• _ABOUT THIS EXERCISE_: In the material below, find the span from the line with "Tablo 13: Temel" to the line with "新編直指算法統宗 延寶三 桑木文庫/和書/297 - ページ 410" and transcribe only those lines, exactly, ends included, without the pictures.
*** EXERCISE MATERIAL
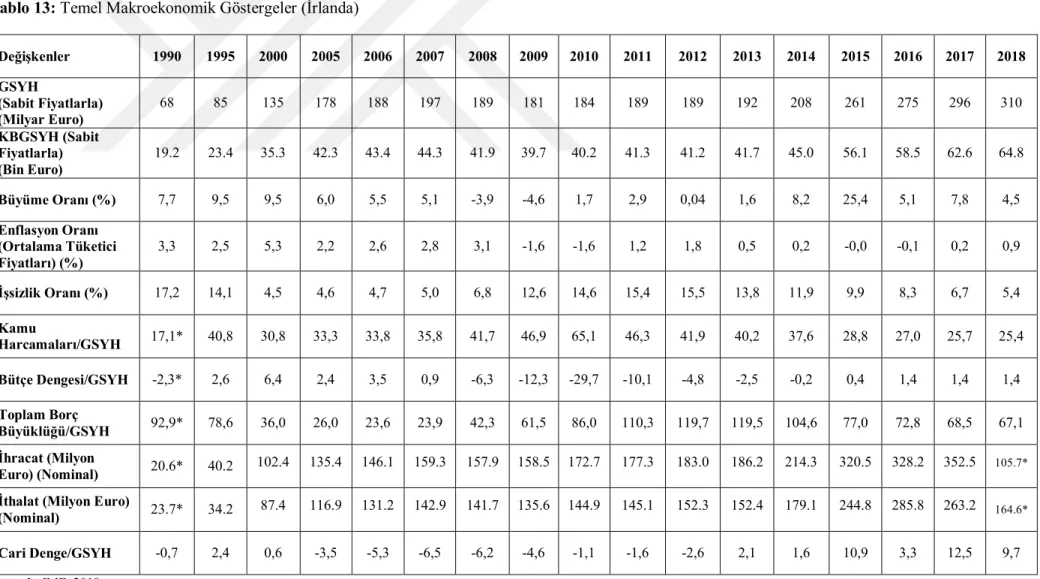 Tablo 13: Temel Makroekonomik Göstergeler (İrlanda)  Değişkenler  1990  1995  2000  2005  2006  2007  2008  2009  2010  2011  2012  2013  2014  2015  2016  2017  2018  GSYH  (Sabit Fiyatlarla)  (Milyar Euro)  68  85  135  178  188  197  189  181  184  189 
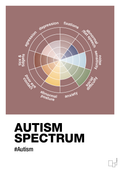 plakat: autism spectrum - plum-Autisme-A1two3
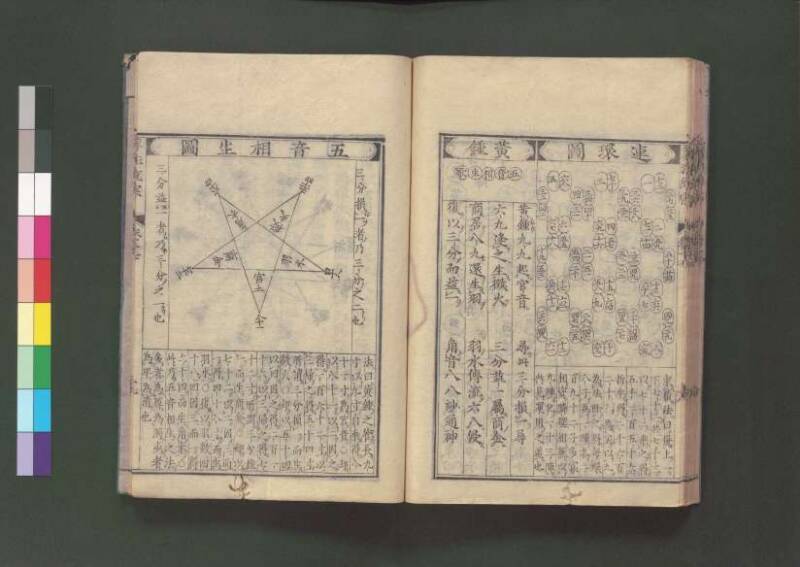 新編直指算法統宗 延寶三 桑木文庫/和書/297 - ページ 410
******
*** EXERCISE MATERIAL
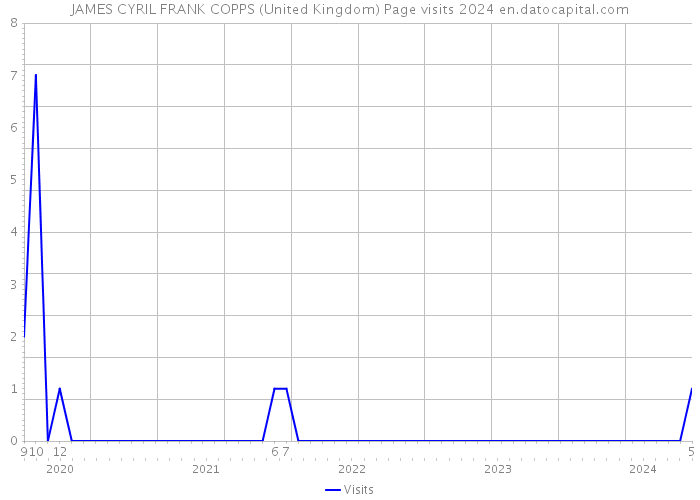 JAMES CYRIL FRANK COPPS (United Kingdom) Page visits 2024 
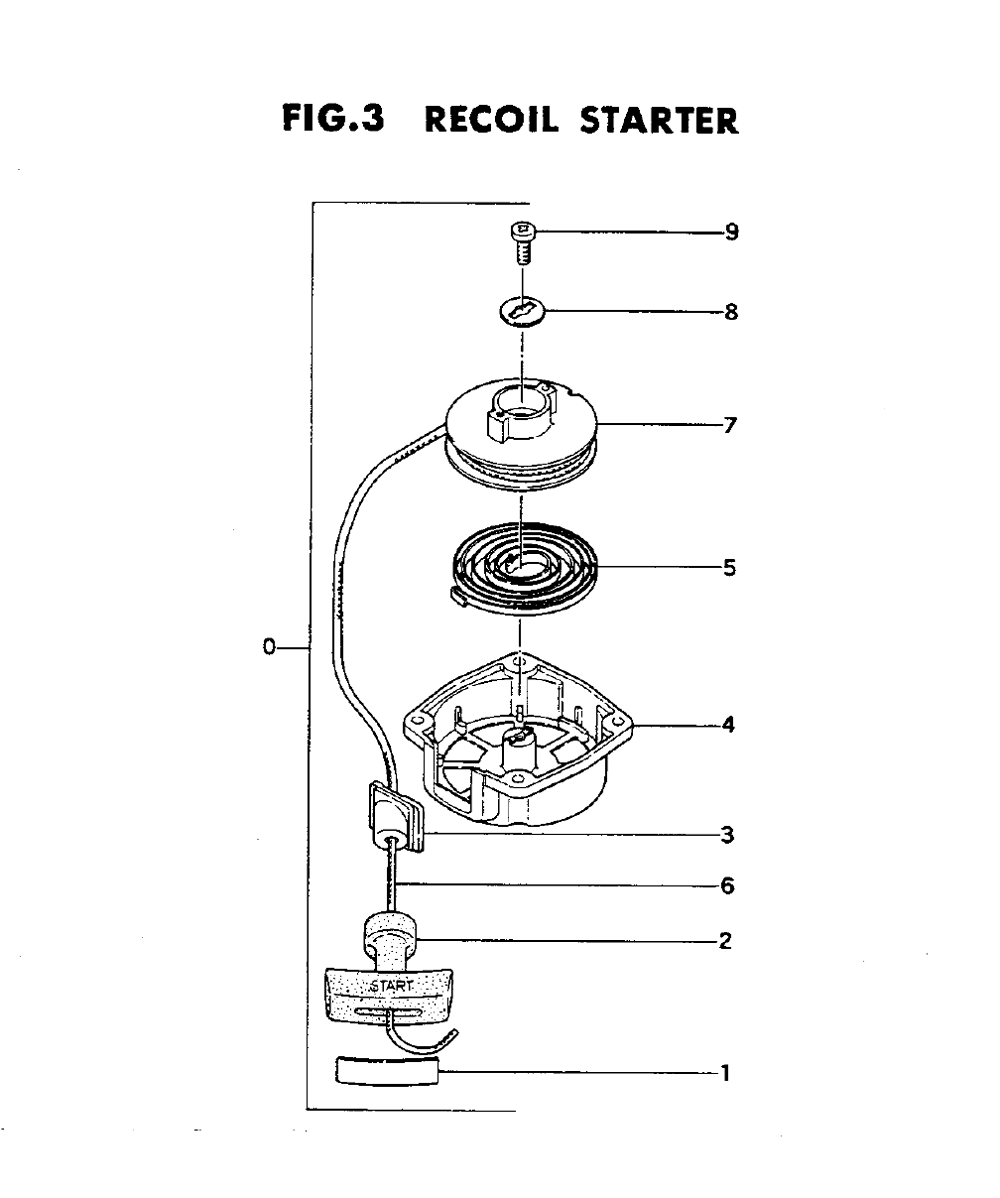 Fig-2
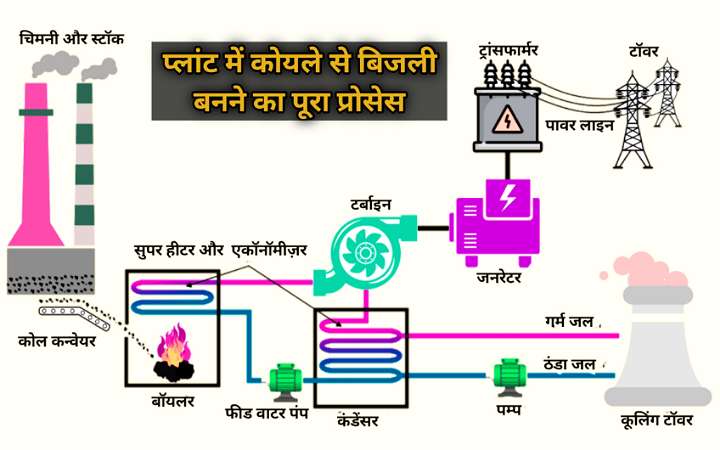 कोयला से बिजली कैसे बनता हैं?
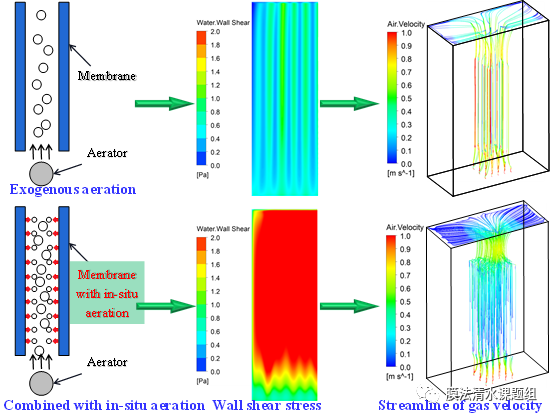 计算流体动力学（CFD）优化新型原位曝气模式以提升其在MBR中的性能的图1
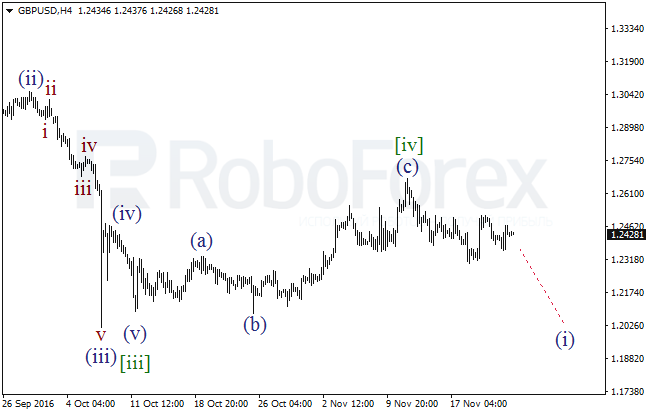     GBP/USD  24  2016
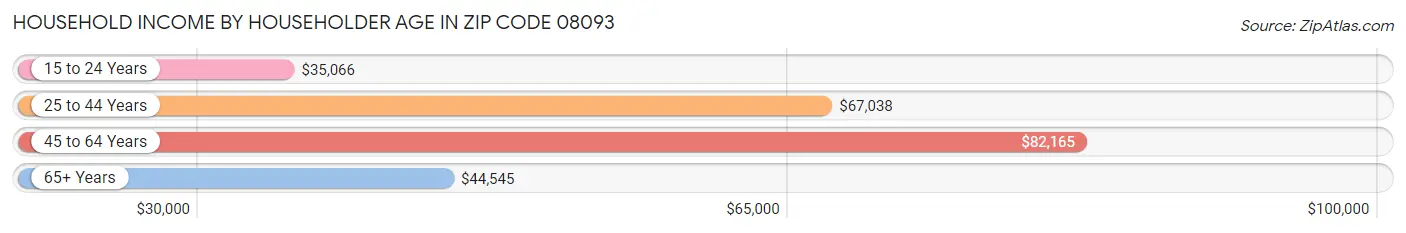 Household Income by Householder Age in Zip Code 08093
******
• _EXERCISE SOLUTION_:
 Tablo 13: Temel Makroekonomik Göstergeler (İrlanda)  Değişkenler  1990  1995  2000  2005  2006  2007  2008  2009  2010  2011  2012  2013  2014  2015  2016  2017  2018  GSYH  (Sabit Fiyatlarla)  (Milyar Euro)  68  85  135  178  188  197  189  181  184  189 
 plakat: autism spectrum - plum-Autisme-A1two3
 新編直指算法統宗 延寶三 桑木文庫/和書/297 - ページ 410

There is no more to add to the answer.